### REQUIRED ACTION
An exact reprint of every record below is required, with the pictures left out.

### SUPPLIED MATERIAL
-------------------------

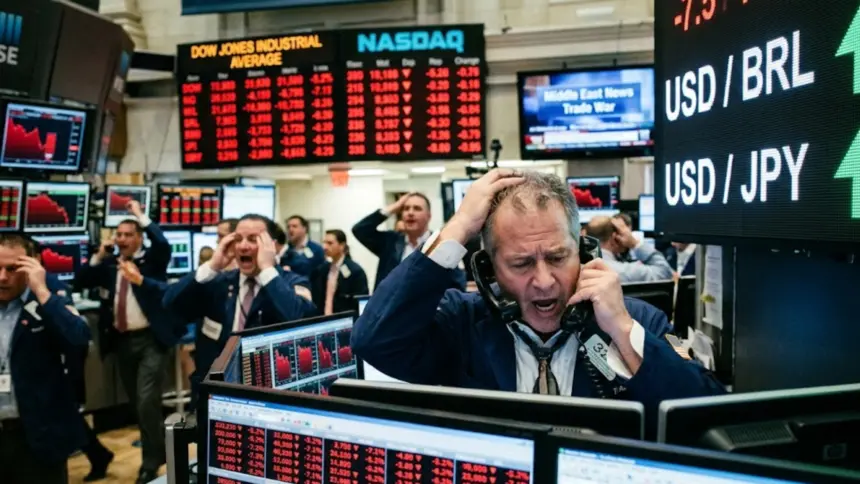 Bolsa despenca e dólar dispara com tensão no Oriente Médio e tarifas dos EUA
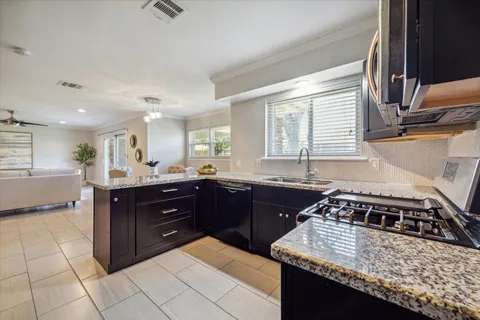 $545,000 | 2910 Freshmeadows Drive, Houston, TX 77063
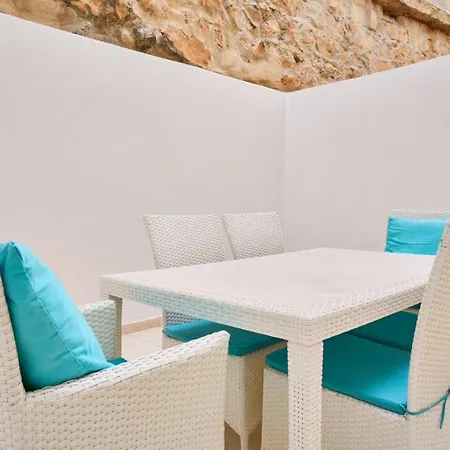 Apartment Elegance Sliema- Where Comfort Meets Class In *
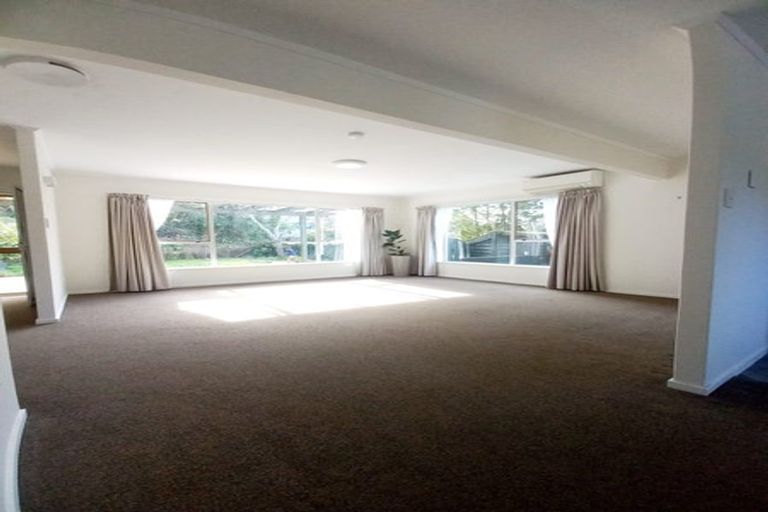 Photo of property in 36 Halswater Drive, Churton Park, Wellington, 6037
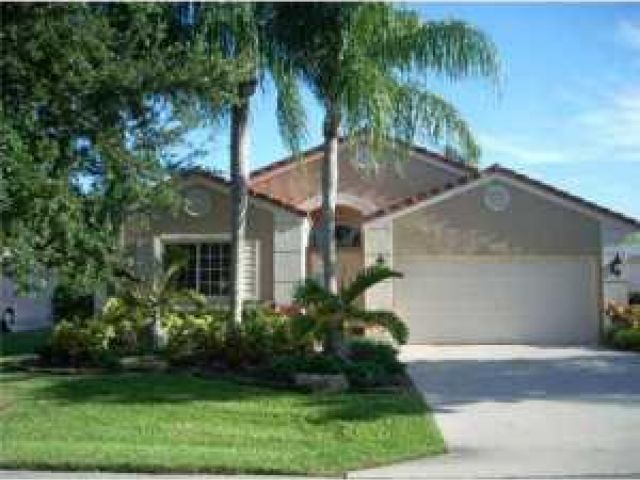 Home for rent at 4546 NW 7th Place - photo 6842737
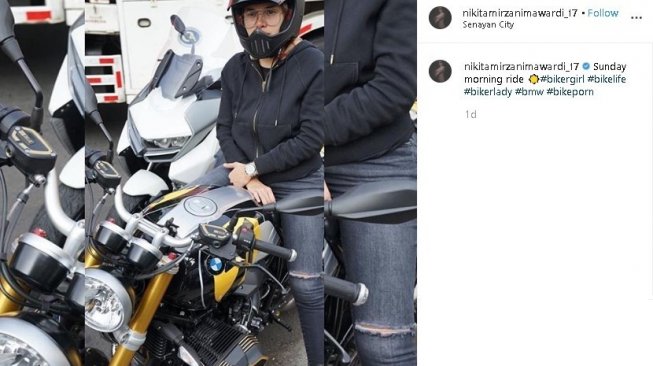 Gaya Nikita Mirzani sunmori dengan BMW R Nine T. (Instagram/@nikitamirzanimawardi_17)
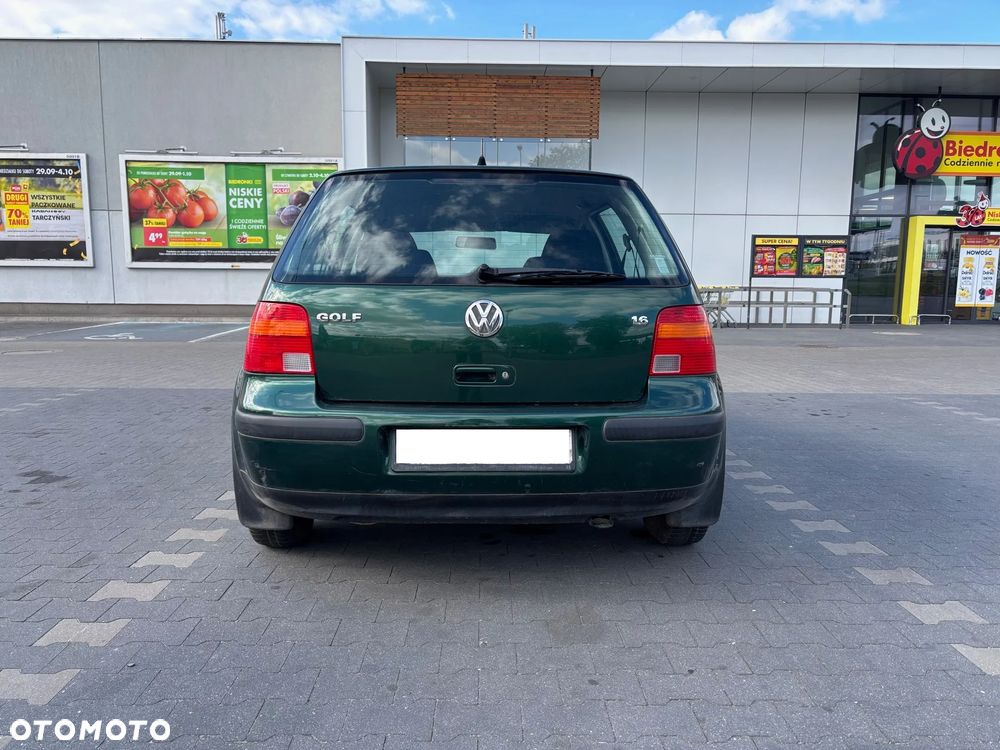 Volkswagen Golf - 5
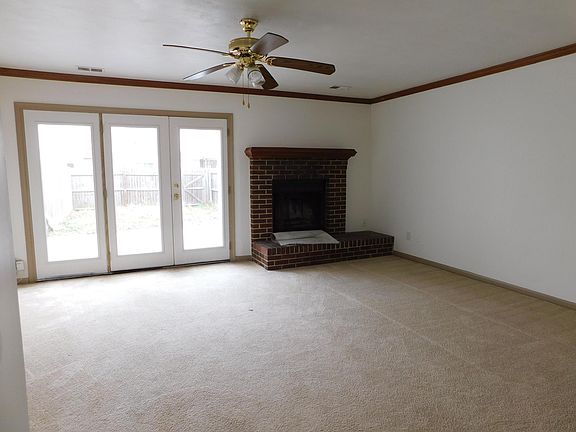 5th image of 5204 Stockton Dr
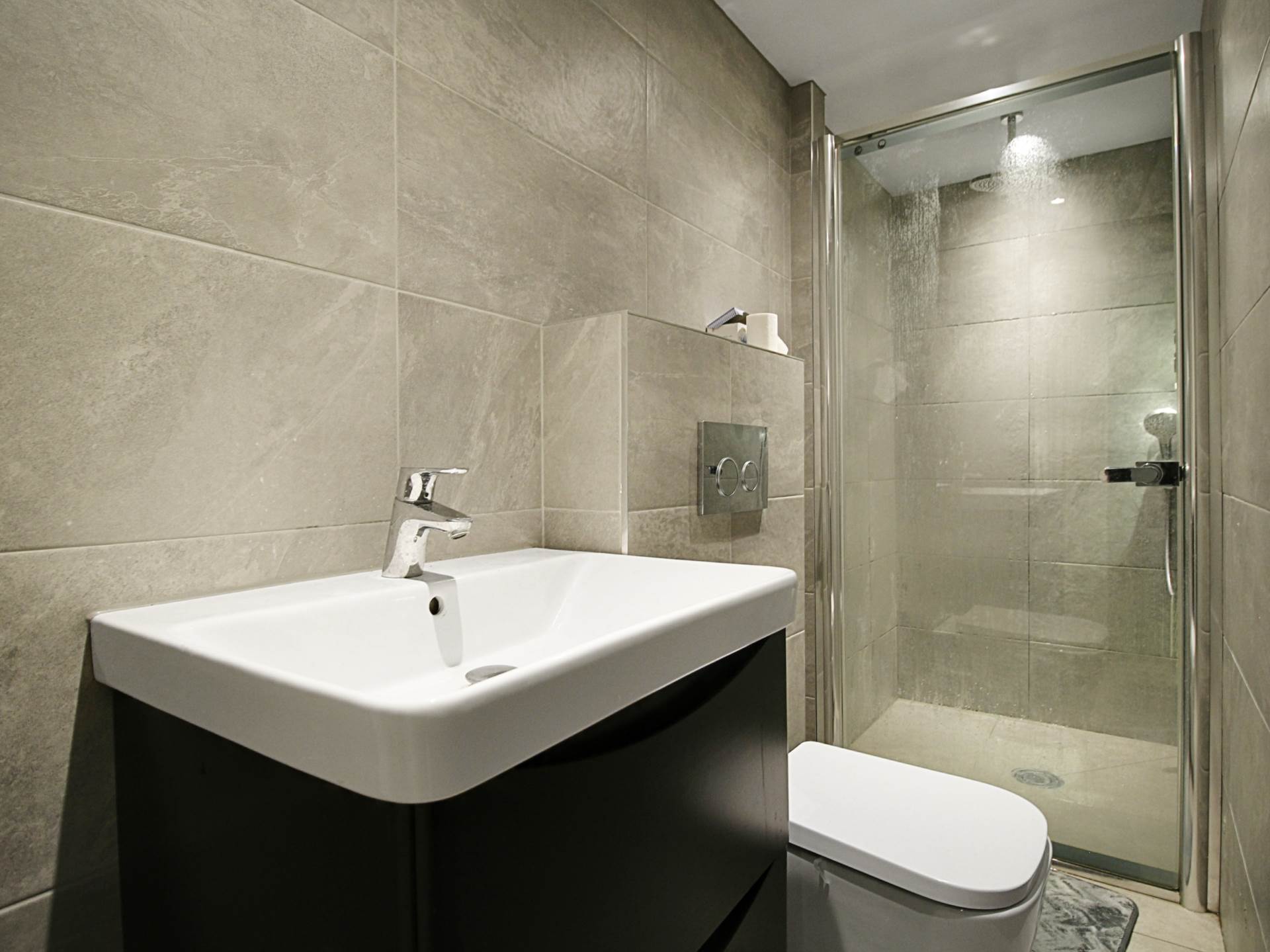 St. Stephens Avenue, London, Image 8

-------------------------

### PROBLEM SOLUTION
 Bolsa despenca e dólar dispara com tensão no Oriente Médio e tarifas dos EUA
 $545,000 | 2910 Freshmeadows Drive, Houston, TX 77063
 Apartment Elegance Sliema- Where Comfort Meets Class In *
 Photo of property in 36 Halswater Drive, Churton Park, Wellington, 6037
 Home for rent at 4546 NW 7th Place - photo 6842737
 Gaya Nikita Mirzani sunmori dengan BMW R Nine T. (Instagram/@nikitamirzanimawardi_17)
 Volkswagen Golf - 5
 5th image of 5204 Stockton Dr
 St. Stephens Avenue, London, Image 8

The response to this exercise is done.